Скажи, почтенный Смердис! Ты, который в уединении, посвященном вечному миру, наслаждается счастливым, утешительным беседованием с существами бесплотными, — ты, которого душа свободна, чиста и безмятежна! Скажи мне, на что злобному Ариманию дана власть нарушать порядок, господствующий в творениях великого Оромазда? Не по его ли влиянию человеческий разум, столь удобно развращающийся, отвергает спасительные правила, которые одни могут указать ему истину? Не по наущению ли сего злого существа люди уклоняются от путей добродетели, мучаются под игом затейливых прихотей и заблуждаются в лавиринфе опасных, нечестивых замыслов? Скажи, неужели за пагубное развращение, порожденное ненавистным влиянием злобного Аримания, позволено ему карать жесточайшими несчастьями виновных, которых сам он вовлек в преступления?

Вот неудобства, которых не могу решить! Научи меня познавать власть Оромазда и оправдывать благотворную любовь его. Несчастья, видимые мной ежедневно, погружают душу в мрачное, глубокое недоумение; часто воображение мое против воли предается мучительным сомнениям, когда рассуждаю о сих предметах.

В тихом только уединении, в котором ты скрываешься от мира, душа может возноситься к высоким таинствам; там, озаряемая великим Оромаздом, она отражает от себя немерцающий свет истины. С восхищением вспоминаю о моем путешествии в Бактриану, о собеседовании с тобой; но скорблю духом, мудрый Смердис: помышляя, что среди пленительных видов прекрасной страны, в которой обитаешь, печаль имеет к тебе доступ; скорблю тем более, что я виной твоего беспокойства.

Одна истинная ревность к службе более всех других причин привязывает меня к верному наблюдению выгод царя персидского. Какой бы жребий судьба не назначила мне — со спокойной твердостью потщусь перенести его. Я уверен, что высочайшее существо — которому от вас научился я воздавать чистейшее поклонение — сие бесплотное, невидимое существо, Оромазд — или какое бы ни дано было ему название — не может не быть вместе и сильным, и праведным, и благим; оно не может желать несчастья тому, кто усердно ищет средства сделаться ему угодным добродетельными поступками.

Мудрый Смердис! Я не столько ослеплен высокоумием, чтобы дерзнул питать мнение, не согласное с твоим, к чему бы, впрочем, оно ни относилось. Не могу довольно нарадоваться твоему усердию к благу Персии, твоему глубокому благоговению к великому монарху; однако ж, осмелюсь сказать, что Иппократ не заслуживает такого наказания[1]. Он муж знаменитый и по обширным сведениям, и по важны заслугам. Афиняне возносят его выше всяких благодетелей своих за его бескорыстие, за мужественное постоянство, за любовь к имени греческому; они такое же имеют к нему почтение, какое оказали бы Аполлону или Эскулапу, если бы сии боги сошли с неба для избавления их от настоящих бедствий.

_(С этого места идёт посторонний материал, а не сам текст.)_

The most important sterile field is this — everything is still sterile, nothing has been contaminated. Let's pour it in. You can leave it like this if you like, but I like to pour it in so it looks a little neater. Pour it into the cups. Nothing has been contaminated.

Удивляться должно отказу его на предложения царя персидского. Такое богатство, такие обещания от величайшего монарха в мире могли бы соблазнить самую строгую добродетель; но Иппократ умеет противиться всему. Каждый перс увидит в сем поступке высокомерное упорство, потому что подданные великого царя, живучи под таким образом правления, которое греки зазывают рабским, повинуются не принужденно, с благоговением, из одной ревности, из одной любви к государю. Сей образ правления совершеннее всех прочих, если на престол сядет монарх, нашему подобный; но обычаи народов не одинаковы. Есть обстоятельства, которые в одних отношениях бывают весьма полезны, в других весьма вредны.

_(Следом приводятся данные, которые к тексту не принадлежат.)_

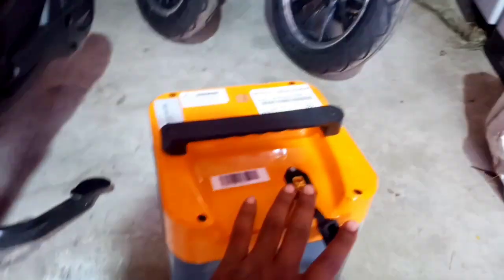Look at this. This is a big battery. This is a 100. This is a big battery — the battery is mighty.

Кто воспитан в наставлениях свободной Греции, того ум необходимо соображается с сими началами. Следующие оттуда понятия о величии и добродетели противоположны тем, которые перс должен получать при воспитании. По крайней мере, так было до того времени, пока Греция удерживала еще древнюю свою славу; поступок Иппократа при сем достопамятном обстоятельстве напоминает славнейшие примеры добродетели греков. Кто превзошел их в любви к отечеству? Кто более отличился непоколебимой честностью, мужеством и бескорыстием?

Смердис к Клеандру

править
Бактра.

Несмотря на твое происхождение от корня греческого, не сомневаюсь в привязанности твоей к нашей религии, также как великий наш монарх не сомневается в твоей верности к персидскому правительству. Беспокойства, упоминаемые в последнем письме, служат новым доказательством почтения твоего к нашей вере, которой сокровенности желаешь проникнуть для того, чтобы удалить все сомнения; но, любезный Клеандр! Сего сделать не можно. Начало Аримания, власть его и отношения к роду человеческому суть таинственны, непостижимы; ум просвещеннейший теряется в сих изысканиях, ужасается и встречает препятствия непреодолимые; одно созерцание Оромазда озаряет его истинными утешительными и обогащает восхитительными познаниями. Не удивляйся тому и будь уверен, что недоумие твое о естестве зла никогда не объяснится; непроницаемый мрак окружает его.

Как сладостно оку, утомленному дикими предметами или внимательным рассматриванием множества различным частей, составляющих многосложную машину; как сладостно взирать на цветущий луг, на лазуревое небо! Подобным чувствованием наполняется дух наш, когда из области Аримания перенесется к размышлению о благодетельном Иездане[2], когда перейдет от смешения к порядку, от вражды к миру, от творца зла к источнику блага.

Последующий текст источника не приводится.